Funded under the National Recovery and Resilience Plan (NRRP), Mission 4 Component 2 Investment 1.3, Theme 10.
Kunova, A., Pinna C., Ghosh S., Dozio D., Pizzatti, C., Princiotto, S., Cortesi, P., Dallavalle, S., & Pinto, A.
ACS Agricultural Science & Technology, 2024,4, 43−50This article is licensed under CC-BY 4.0
Fungi are among the greatest biotic threats to agricultural and food security. Intensive monoculture cropping and resistance to single-site fungicides in plant pathogens urge the discovery and development of novel compounds that possibly interfere with essential cellular processes in multiple ways. In this article, we describe our recent efforts addressed to the identification of natural compounds as multitarget biofungicides. A set of natural monomeric and dimeric compounds belonging to the class of stilbenoids were synthesized and tested against wild-type (WT) and strobilurin-resistant (RES) strains of Pyricularia oryzae, one of the most dangerous fungal phytopathogens.

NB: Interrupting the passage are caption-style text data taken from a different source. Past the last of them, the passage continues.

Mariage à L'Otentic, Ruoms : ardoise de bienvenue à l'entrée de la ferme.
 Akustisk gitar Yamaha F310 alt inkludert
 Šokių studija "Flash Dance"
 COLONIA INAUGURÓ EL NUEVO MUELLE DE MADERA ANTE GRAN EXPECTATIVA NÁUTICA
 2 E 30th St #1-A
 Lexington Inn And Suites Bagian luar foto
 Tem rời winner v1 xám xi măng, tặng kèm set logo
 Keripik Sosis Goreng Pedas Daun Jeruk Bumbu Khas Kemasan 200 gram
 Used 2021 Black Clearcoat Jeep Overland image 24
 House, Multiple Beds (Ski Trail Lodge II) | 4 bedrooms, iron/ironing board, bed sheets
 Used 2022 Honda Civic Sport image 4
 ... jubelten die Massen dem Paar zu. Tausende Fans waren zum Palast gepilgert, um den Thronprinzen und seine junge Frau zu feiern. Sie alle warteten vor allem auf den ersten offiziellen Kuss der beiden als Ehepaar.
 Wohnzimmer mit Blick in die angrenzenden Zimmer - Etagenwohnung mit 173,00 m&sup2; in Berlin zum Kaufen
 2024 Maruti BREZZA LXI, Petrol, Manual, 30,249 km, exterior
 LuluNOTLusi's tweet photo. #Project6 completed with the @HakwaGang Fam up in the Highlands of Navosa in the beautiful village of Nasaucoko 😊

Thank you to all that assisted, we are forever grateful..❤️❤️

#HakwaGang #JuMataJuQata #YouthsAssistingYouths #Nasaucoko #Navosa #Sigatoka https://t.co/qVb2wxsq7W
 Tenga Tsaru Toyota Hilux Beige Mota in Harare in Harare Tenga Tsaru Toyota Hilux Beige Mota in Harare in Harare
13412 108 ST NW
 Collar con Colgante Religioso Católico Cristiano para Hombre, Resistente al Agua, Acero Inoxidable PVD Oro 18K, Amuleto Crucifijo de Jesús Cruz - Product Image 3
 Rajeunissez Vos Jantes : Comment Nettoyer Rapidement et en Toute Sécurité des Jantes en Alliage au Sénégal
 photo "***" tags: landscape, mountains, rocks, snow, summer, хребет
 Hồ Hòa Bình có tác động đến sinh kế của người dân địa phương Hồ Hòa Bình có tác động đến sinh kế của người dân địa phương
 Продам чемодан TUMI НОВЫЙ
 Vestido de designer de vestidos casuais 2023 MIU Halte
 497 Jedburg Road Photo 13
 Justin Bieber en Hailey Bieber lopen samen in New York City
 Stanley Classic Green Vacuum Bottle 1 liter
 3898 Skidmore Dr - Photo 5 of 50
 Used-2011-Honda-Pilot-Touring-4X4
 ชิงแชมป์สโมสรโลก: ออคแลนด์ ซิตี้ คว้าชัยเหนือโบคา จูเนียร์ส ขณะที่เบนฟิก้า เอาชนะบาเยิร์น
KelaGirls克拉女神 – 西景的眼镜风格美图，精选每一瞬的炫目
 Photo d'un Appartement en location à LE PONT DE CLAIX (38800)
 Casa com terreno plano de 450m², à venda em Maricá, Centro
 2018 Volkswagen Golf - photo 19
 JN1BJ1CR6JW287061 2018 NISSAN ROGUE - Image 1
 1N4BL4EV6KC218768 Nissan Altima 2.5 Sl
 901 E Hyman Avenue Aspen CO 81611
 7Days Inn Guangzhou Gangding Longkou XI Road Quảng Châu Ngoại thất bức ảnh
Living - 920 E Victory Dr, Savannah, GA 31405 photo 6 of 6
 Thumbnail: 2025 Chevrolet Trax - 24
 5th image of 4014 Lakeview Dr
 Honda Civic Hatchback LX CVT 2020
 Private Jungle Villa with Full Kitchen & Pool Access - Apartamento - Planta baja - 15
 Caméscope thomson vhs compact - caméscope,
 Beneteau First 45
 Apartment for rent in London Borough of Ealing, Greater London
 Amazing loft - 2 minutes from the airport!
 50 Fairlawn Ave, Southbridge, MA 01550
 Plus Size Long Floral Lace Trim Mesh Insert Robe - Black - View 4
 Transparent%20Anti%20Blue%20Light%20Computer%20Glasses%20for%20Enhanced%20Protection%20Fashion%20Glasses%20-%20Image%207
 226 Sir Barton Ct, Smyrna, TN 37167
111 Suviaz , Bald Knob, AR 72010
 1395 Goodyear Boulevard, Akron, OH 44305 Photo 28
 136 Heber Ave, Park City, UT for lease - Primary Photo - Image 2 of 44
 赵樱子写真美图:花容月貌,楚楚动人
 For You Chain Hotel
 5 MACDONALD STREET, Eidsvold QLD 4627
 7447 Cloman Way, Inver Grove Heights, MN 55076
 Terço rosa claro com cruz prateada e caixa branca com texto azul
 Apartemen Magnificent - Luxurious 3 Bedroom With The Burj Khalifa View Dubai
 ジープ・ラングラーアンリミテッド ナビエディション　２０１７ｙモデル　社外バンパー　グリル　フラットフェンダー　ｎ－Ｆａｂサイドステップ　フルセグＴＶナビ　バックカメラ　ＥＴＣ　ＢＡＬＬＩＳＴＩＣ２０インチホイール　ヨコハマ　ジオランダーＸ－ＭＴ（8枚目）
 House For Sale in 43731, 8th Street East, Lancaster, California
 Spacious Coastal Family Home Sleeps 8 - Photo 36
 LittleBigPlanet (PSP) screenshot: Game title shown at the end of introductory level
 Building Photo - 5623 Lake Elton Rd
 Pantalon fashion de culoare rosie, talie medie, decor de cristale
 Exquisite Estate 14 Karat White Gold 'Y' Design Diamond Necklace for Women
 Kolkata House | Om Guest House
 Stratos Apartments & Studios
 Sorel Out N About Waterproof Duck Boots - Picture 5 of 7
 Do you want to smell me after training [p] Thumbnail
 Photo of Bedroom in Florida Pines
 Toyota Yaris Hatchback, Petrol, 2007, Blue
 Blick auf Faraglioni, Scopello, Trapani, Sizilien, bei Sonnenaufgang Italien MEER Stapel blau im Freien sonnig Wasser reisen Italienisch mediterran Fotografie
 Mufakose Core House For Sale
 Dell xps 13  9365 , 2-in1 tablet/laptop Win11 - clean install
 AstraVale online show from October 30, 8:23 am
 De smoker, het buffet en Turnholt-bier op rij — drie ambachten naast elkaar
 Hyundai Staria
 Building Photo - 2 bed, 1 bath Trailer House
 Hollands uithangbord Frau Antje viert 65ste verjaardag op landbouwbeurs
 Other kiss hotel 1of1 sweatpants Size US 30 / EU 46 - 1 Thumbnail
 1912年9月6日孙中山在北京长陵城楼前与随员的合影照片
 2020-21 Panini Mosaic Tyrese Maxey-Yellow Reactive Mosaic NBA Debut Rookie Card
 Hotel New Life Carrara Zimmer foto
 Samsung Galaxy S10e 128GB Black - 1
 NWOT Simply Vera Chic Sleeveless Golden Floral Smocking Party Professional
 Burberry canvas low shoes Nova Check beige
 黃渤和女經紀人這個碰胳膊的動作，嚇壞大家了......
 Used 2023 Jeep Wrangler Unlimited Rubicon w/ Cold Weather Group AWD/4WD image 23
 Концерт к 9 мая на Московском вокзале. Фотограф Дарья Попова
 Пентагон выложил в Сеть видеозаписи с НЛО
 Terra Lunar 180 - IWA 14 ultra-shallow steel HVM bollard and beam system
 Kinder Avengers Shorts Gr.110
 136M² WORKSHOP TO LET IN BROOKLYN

Monomers deoxyrhapontigenin, pinostilbene, and DMHS showed inhibitory activity higher than 40%, with deoxyrhapontigenin having the highest activity on mycelial growth (60–80% inhibition) on both WT and RES P. oryzae strains. Furthermore, we designed and synthesized a set of molecules having a nature-derived stilbene fragment merged with the pharmacophoric portion of strobilurins, namely, a β-methoxyacrylate moiety. We identified two molecules with activity comparable to the reference commercial fungicide azoxystrobin. However, low mycelium growth inhibition of resistant strains indicates that these compounds most likely retain the strobilurin-like mechanism of action. Overall, the results suggest that natural stilbenoids might be used as environmentally friendly biofungicides in rice blast management.